Historic building in Luanda, Angola

Palácio de Ferro (Iron Palace) is a historical building in the Angolan capital Luanda, believed to have been designed and built by - or by someone associated with - Gustave Eiffel, builder of the world-famous icons, the Eiffel Tower in Paris and the Statue of Liberty in New York City.

== History ==
The history of the structure is shrouded in mystery since no official record of it exists. It is believed to have been pre-built in the 1890s in France and was destined to be placed in Madagascar via boat. Instead, the building ended up in Angola's Skeleton Coast after the ship carrying it was grounded by the notorious Benguela Current. Portuguese rulers of the colony then claimed the ship along with all its contents, including the palace.

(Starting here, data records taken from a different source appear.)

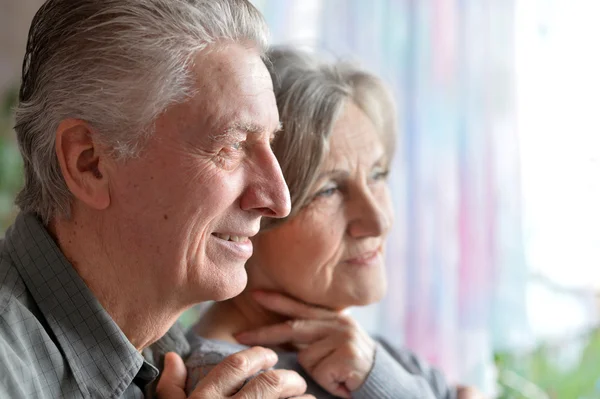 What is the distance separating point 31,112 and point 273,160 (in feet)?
1.48

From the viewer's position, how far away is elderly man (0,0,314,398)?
1355mm

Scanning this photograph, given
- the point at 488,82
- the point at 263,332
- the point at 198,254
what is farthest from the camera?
the point at 488,82

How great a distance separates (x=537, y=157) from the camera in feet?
8.46

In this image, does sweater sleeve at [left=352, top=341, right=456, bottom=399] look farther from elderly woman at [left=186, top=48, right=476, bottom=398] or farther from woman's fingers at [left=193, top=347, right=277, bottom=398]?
woman's fingers at [left=193, top=347, right=277, bottom=398]

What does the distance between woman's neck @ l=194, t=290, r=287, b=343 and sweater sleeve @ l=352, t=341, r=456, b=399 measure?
26cm

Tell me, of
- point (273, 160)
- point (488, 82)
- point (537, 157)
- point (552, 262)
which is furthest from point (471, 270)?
point (273, 160)

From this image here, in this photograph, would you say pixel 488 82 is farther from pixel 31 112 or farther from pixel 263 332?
pixel 31 112

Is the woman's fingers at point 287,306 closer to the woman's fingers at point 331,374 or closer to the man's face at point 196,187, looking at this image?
the woman's fingers at point 331,374

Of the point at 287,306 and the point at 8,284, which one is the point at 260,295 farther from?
the point at 8,284

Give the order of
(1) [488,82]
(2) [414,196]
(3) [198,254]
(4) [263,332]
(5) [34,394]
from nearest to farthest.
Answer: (5) [34,394], (3) [198,254], (4) [263,332], (1) [488,82], (2) [414,196]

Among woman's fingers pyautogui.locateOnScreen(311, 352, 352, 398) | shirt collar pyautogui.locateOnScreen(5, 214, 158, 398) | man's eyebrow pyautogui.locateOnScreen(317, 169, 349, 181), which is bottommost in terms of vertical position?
woman's fingers pyautogui.locateOnScreen(311, 352, 352, 398)

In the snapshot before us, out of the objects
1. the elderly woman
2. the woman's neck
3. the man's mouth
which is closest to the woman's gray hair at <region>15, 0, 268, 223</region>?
the man's mouth

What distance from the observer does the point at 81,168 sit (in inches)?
55.0

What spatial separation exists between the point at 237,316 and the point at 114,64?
0.73 m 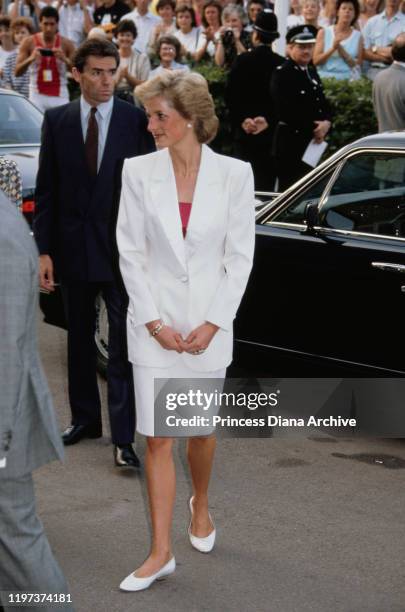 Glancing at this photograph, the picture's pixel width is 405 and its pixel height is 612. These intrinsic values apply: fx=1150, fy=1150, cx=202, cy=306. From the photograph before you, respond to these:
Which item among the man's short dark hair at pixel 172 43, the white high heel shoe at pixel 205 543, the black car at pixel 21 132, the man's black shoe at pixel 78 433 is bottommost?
the man's black shoe at pixel 78 433

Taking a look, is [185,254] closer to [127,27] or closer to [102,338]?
[102,338]

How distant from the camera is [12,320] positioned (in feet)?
9.81

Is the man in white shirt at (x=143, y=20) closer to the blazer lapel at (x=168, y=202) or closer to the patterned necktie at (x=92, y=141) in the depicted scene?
the patterned necktie at (x=92, y=141)

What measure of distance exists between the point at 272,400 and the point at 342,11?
717cm

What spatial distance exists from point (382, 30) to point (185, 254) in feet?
31.9

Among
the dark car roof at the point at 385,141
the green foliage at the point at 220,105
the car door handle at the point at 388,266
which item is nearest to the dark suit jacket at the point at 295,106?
the green foliage at the point at 220,105

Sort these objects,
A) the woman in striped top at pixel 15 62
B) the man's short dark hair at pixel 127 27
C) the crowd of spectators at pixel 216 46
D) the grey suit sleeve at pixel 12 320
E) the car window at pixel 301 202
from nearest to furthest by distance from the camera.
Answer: the grey suit sleeve at pixel 12 320, the car window at pixel 301 202, the crowd of spectators at pixel 216 46, the man's short dark hair at pixel 127 27, the woman in striped top at pixel 15 62

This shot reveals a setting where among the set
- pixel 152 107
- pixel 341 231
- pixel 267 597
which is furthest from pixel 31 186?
pixel 267 597

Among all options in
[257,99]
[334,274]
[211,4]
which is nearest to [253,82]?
[257,99]

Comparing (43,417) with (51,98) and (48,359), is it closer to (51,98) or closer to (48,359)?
(48,359)

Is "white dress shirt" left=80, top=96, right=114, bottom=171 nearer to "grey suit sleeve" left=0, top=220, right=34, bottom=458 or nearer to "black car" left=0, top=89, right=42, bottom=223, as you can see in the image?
"grey suit sleeve" left=0, top=220, right=34, bottom=458

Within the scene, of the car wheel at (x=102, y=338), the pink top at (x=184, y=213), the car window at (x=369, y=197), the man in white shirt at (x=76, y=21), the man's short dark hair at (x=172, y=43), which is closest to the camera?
the pink top at (x=184, y=213)

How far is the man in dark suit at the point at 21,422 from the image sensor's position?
299 cm

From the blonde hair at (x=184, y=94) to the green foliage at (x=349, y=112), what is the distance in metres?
7.58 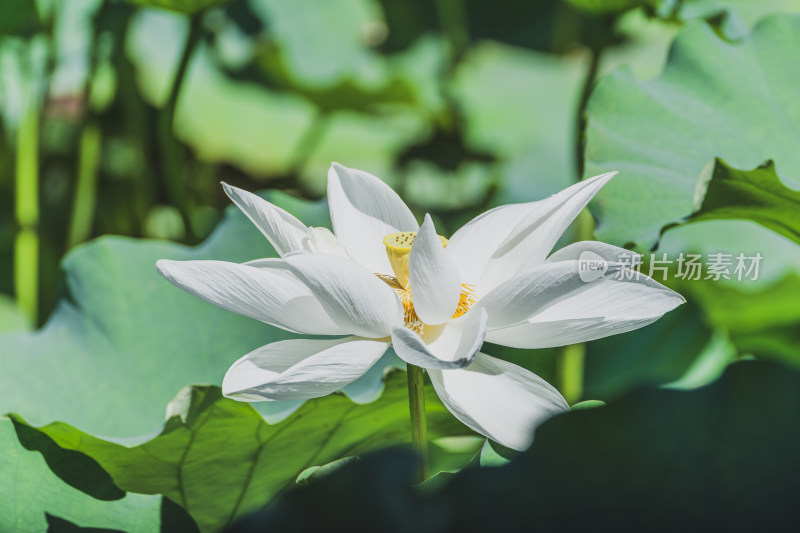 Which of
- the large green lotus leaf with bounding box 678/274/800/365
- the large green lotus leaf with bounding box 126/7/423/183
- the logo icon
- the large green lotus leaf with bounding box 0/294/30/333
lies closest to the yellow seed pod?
the logo icon

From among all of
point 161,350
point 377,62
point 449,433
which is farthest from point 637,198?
point 377,62

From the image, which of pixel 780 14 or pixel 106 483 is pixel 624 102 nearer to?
pixel 780 14

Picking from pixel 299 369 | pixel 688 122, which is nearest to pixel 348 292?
pixel 299 369

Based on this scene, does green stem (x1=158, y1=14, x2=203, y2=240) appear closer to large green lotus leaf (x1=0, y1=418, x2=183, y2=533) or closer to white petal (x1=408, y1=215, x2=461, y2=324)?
large green lotus leaf (x1=0, y1=418, x2=183, y2=533)

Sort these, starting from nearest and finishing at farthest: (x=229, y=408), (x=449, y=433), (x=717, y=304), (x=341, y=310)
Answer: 1. (x=341, y=310)
2. (x=229, y=408)
3. (x=449, y=433)
4. (x=717, y=304)

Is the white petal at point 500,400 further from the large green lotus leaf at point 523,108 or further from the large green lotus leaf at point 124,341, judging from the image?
the large green lotus leaf at point 523,108

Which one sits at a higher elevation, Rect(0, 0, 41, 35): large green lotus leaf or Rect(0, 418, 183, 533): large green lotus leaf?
Rect(0, 0, 41, 35): large green lotus leaf

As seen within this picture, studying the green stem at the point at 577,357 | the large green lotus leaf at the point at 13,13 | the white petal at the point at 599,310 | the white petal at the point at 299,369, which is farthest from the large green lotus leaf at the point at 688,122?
the large green lotus leaf at the point at 13,13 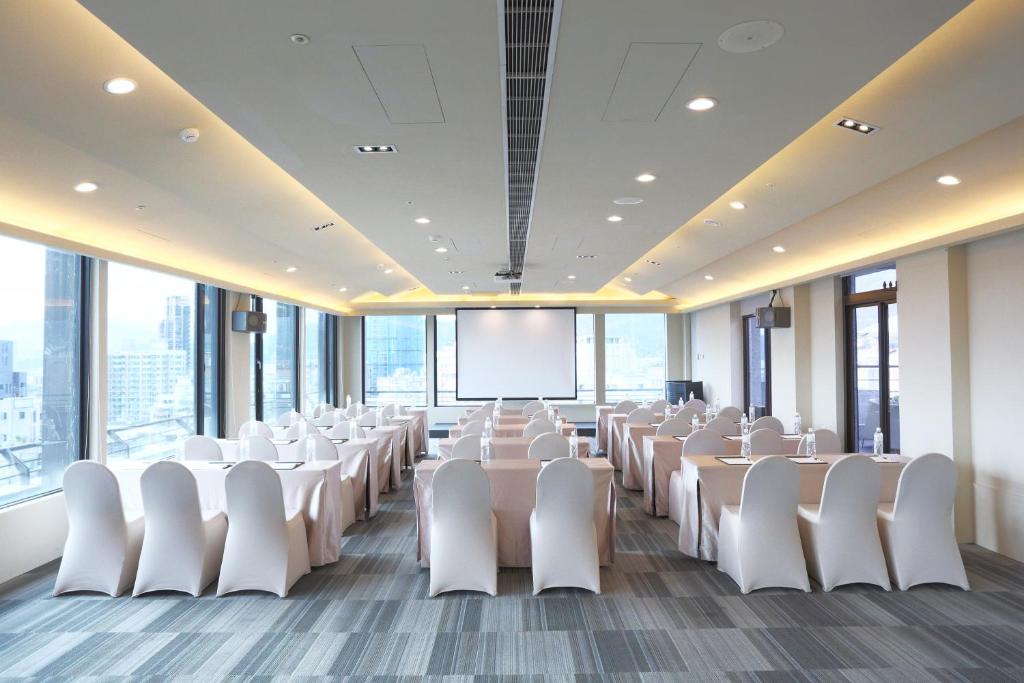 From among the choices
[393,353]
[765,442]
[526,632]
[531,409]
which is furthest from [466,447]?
[393,353]

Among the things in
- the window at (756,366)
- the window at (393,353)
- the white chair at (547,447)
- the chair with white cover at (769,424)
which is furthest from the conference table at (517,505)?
the window at (393,353)

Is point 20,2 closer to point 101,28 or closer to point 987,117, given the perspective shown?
point 101,28

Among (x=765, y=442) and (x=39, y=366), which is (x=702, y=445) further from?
(x=39, y=366)

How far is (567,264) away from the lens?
10008 mm

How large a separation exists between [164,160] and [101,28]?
1.56m

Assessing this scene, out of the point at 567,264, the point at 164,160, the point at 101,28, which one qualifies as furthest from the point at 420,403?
the point at 101,28

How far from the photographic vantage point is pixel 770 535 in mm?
4727

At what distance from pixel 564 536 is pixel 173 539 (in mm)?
2913

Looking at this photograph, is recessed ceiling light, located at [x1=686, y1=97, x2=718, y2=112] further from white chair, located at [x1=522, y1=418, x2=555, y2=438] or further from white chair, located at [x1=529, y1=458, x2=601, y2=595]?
white chair, located at [x1=522, y1=418, x2=555, y2=438]

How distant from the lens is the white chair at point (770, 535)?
184 inches

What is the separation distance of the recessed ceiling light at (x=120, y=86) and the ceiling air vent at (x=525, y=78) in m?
2.02

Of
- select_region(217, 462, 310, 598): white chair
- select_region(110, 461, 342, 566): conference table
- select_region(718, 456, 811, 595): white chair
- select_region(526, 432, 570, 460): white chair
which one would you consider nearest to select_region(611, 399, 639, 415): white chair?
select_region(526, 432, 570, 460): white chair

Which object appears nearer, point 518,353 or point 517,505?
point 517,505

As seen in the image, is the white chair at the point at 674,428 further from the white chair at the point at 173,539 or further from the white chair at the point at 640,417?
the white chair at the point at 173,539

During the Portuguese era, the building had a great deal of prestige and it was used as an art center. But after the independence of Angola, the palace was left in neglect with its surrounding area eventually ending up as a parking lot. It was also heavily damaged during the Angolan Civil War leaving some of its structures in a rusted and rotting condition.

The building was renovated in 2009 funded by profits from Angola's oil boom with the help of Brazilian construction companies, as many of the reclaimed iron balustrades and floor tiles were individually renovated in Rio de Janeiro. It now stands as the symbol of the city's rebirth as well as a point of social reference for the future. The Ministry of Culture of Angola is still deciding whether the building is to become a diamond museum or a restaurant.